Na zijn kroning tot keizer in 962 keerde Otto terug naar Duitsland en kon paus Johannes zijn liederlijke leventje weer oppakken. Een jaar later ontving Otto het bericht dat de paus bezig was een samenzwering tegen hem op touw te zetten. Onmiddellijk vertrok hij naar Rome, waar de inwoners zonder enige vorm van tegenstand de poorten voor hem openzwaaiden. Johannes ging ervandoor in een koets, met twee minnaressen en een kist juwelen, en verschanste zich in een kasteel in Lazio.
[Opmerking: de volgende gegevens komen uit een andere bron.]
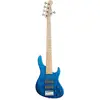 Sadowsky MetroLine 24-5 Modern Ash Blue Transparent Satin 5-snarige el...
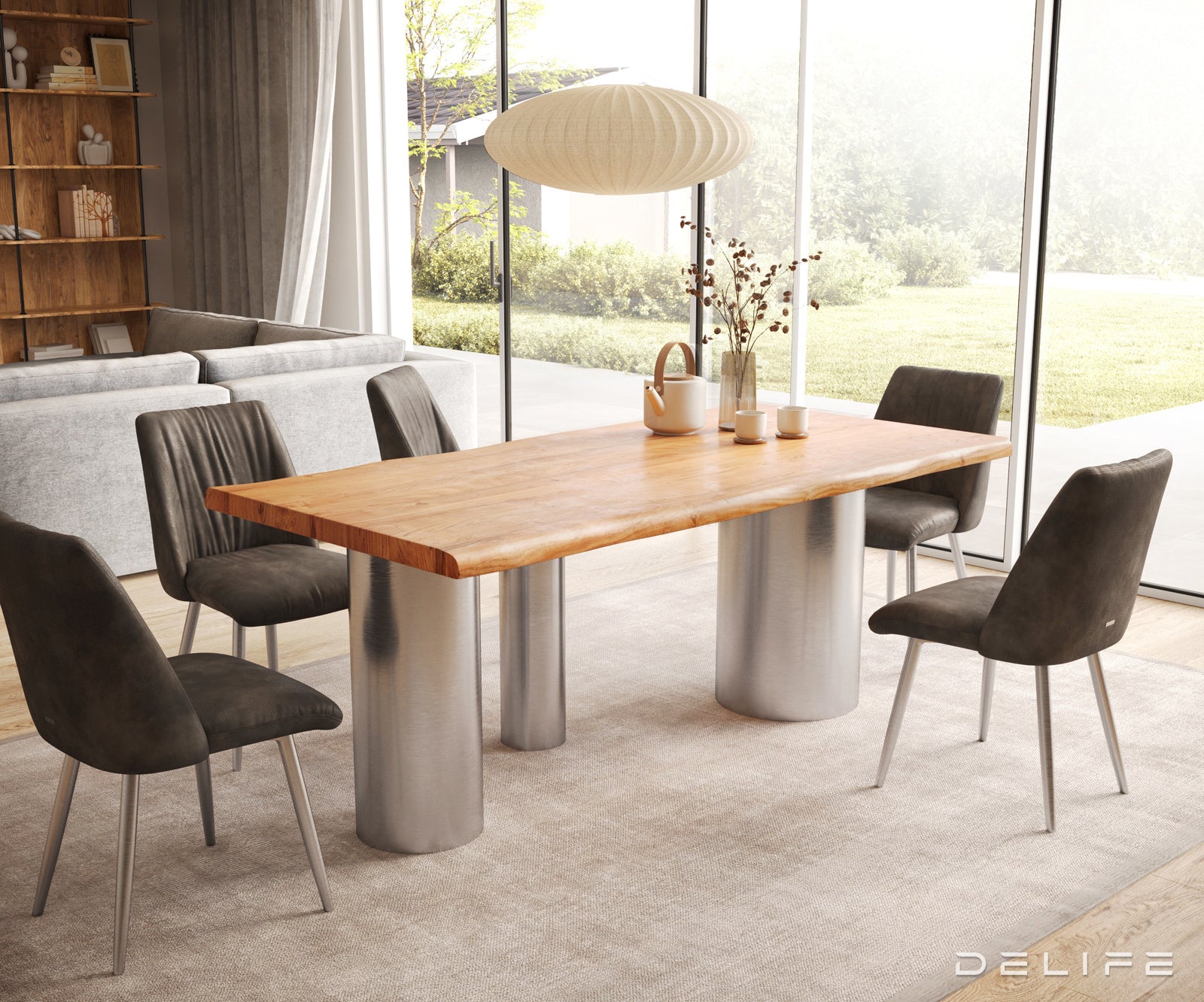 Jedilna miza Rob 200x100cm, Material: Hrast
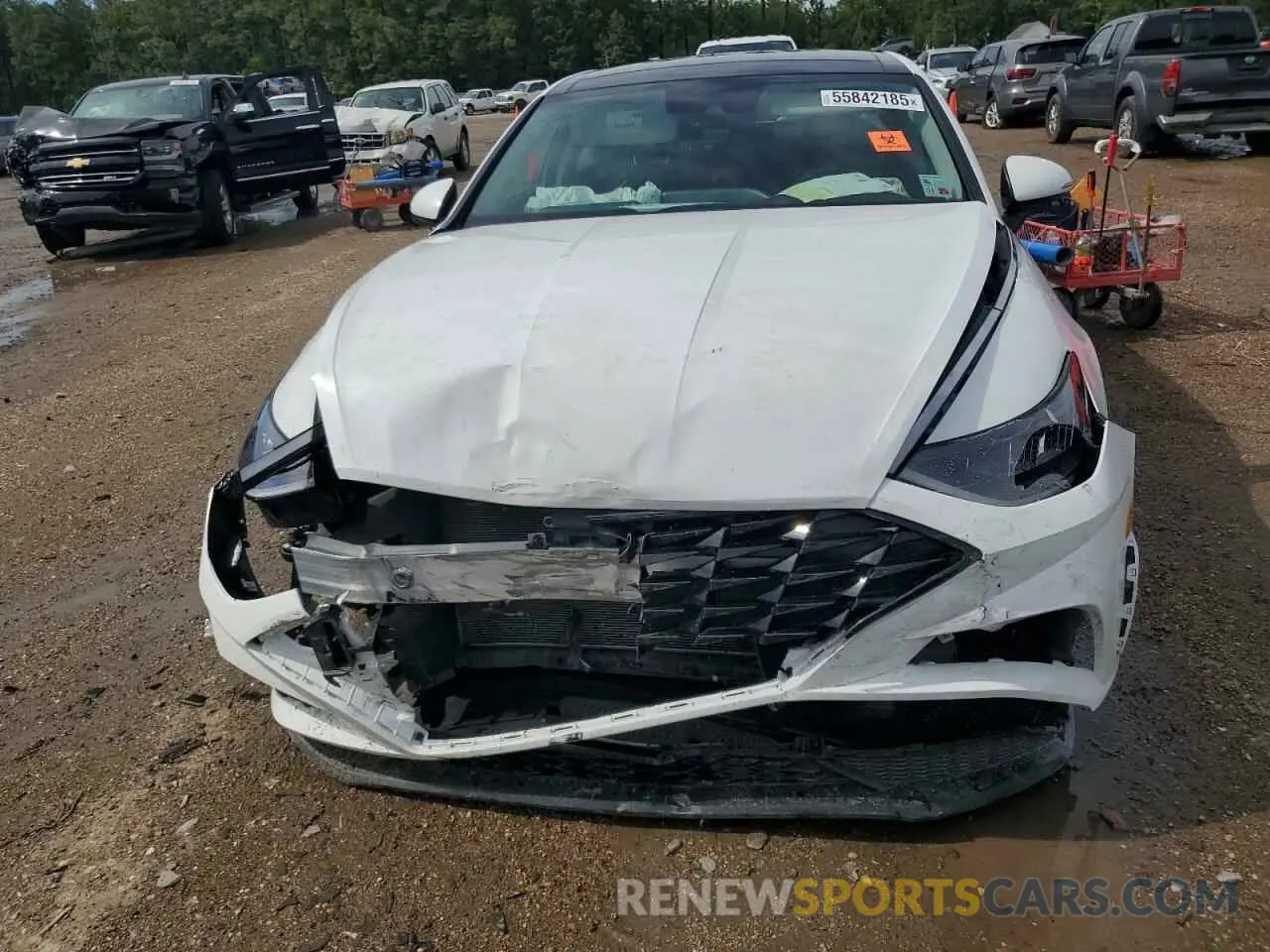 5 fotografías del automóvil dañado KMHL14JA2PA264376 HYUNDAI SONATA 2023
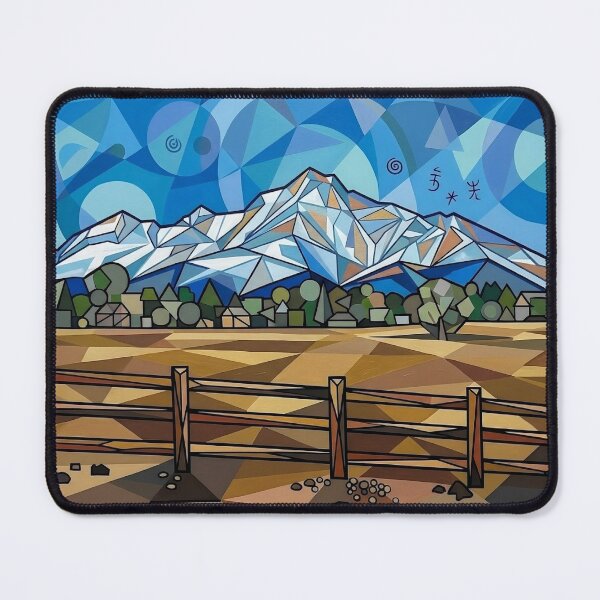 Item preview, Low Poly Mountain Landscape Geometric Colorado Style Scenic Nature Art designed and sold by Meteor Destroyer.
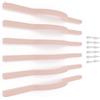 Poliplast - Set da 6 Maniglie, Design curvato per Cucina, Armadio e Cassetti, per Bambini, Articolo 71A, Verniciato a mano, Colore Rosa Salmone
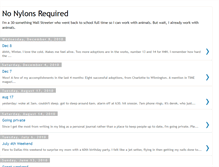 Tablet Screenshot of nonylonsrequired.blogspot.com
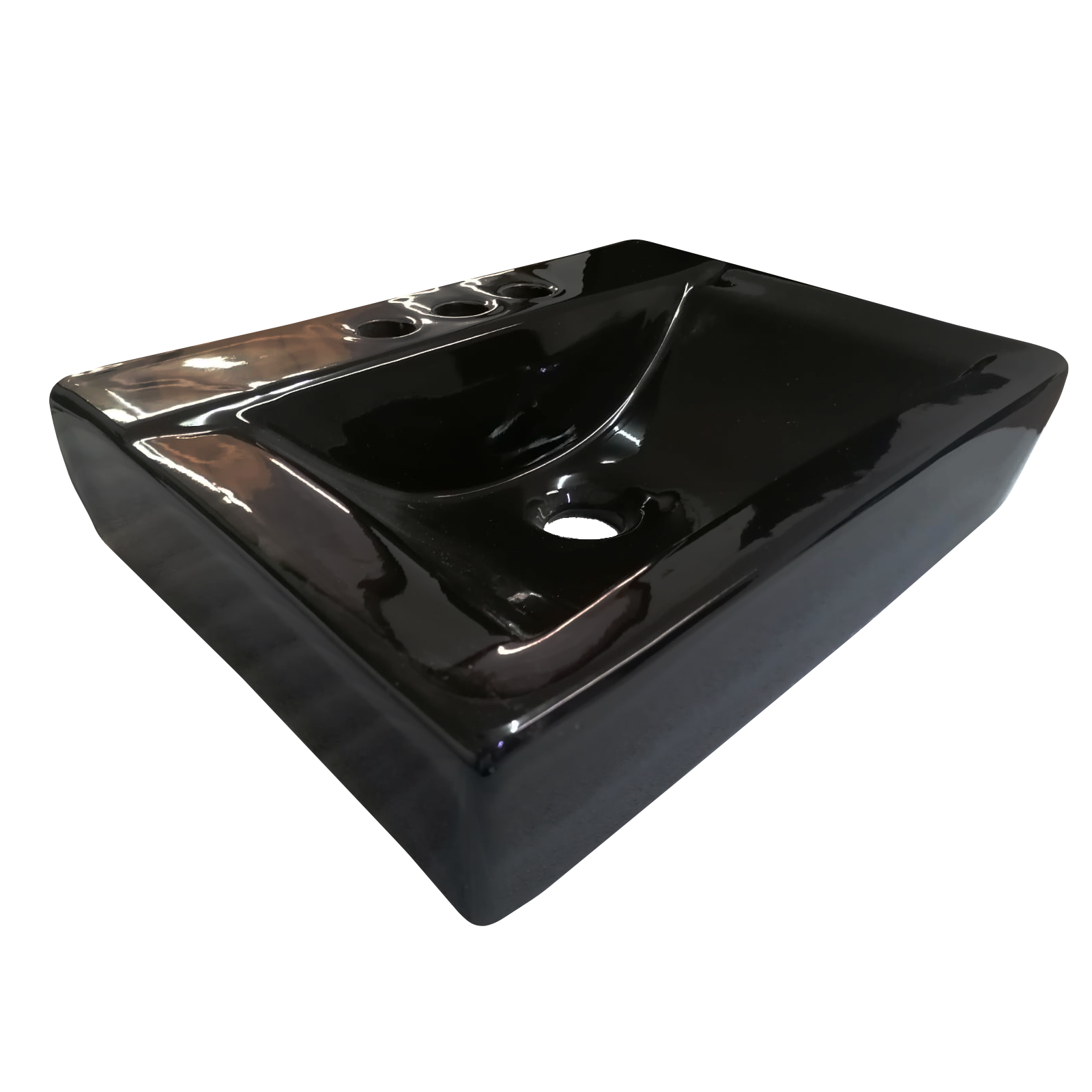 LAVABO LAVAMANOS RECTANGULAR MINI COLOR NEGRO 30X41.5CM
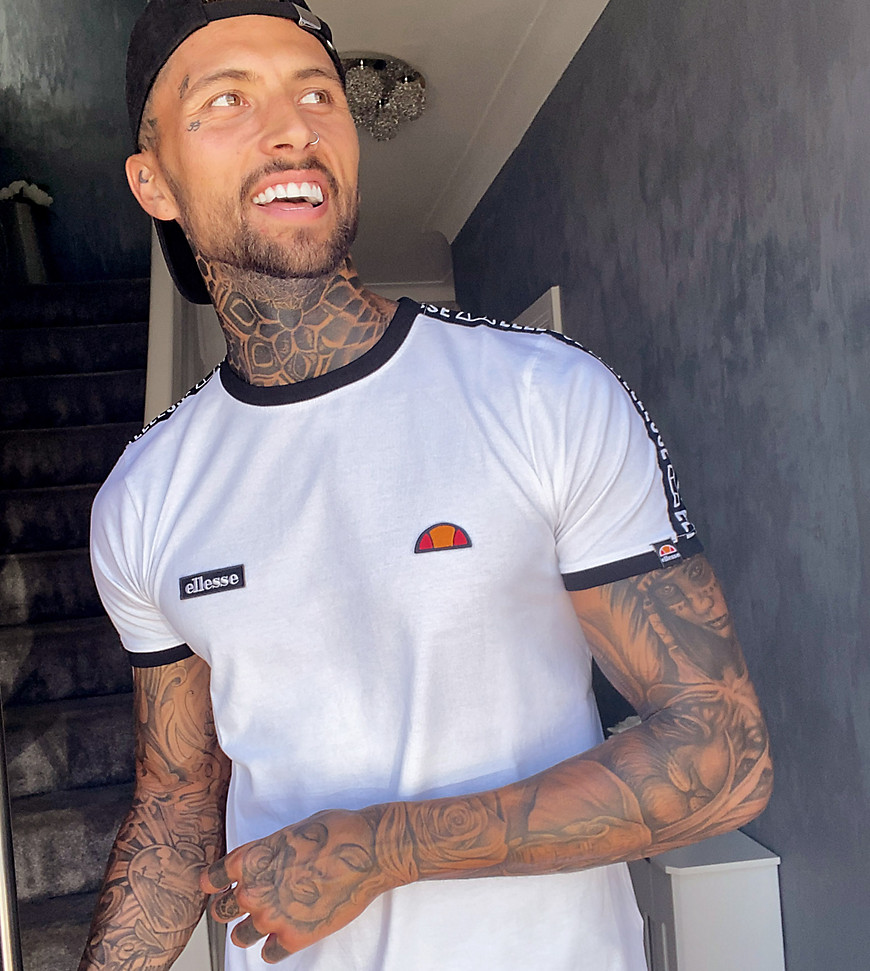 ELLESSE FEDE T-SHIRT IN WHITE EXCLUSIVE TO ASOS,SHC05907 FEDE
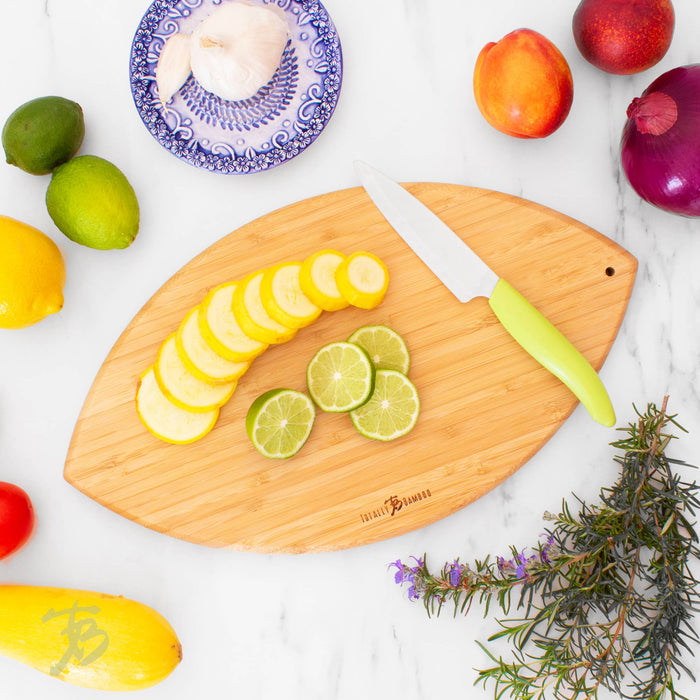 Football Shaped Cutting Board & Serving Tray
De keizer kondigde af dat in de toekomst geen enkele paus meer gekozen mocht worden zonder zijn instemming. Hij riep een synode bijeen met de opdracht de zittende paus te berechten. Johannes XII werd bij verstek beschuldigd van moord, meineed, heiligschennis en incest. Een kardinaal klaagde hem ook aan wegens het toosten op de duivel, het aanroepen van Jupiter en Venus en het deelnemen aan dobbelspel.
Otto nodigde de paus uit zich vrij te pleiten. Dat deed deze door een brief te sturen waarin hij iedereen excommuniceerde, te beginnen met de keizer, die hem daarop afzette en een leek in zijn plaats benoemde. Deze nieuwe paus, die de naam Leo VIII aannam, stond bekend als een eerlijke en verstandige man, ver verheven boven het gekrakeel; het tegendeel van Johannes, die ook over hem de banvloek uitsprak.
Op de derde dag van februari 964 luidden de stormklokken in Rome en stroomden de inwoners de straten op om te demonstreren tegen Otto, want die had de paus benoemd zonder hen iets te vragen.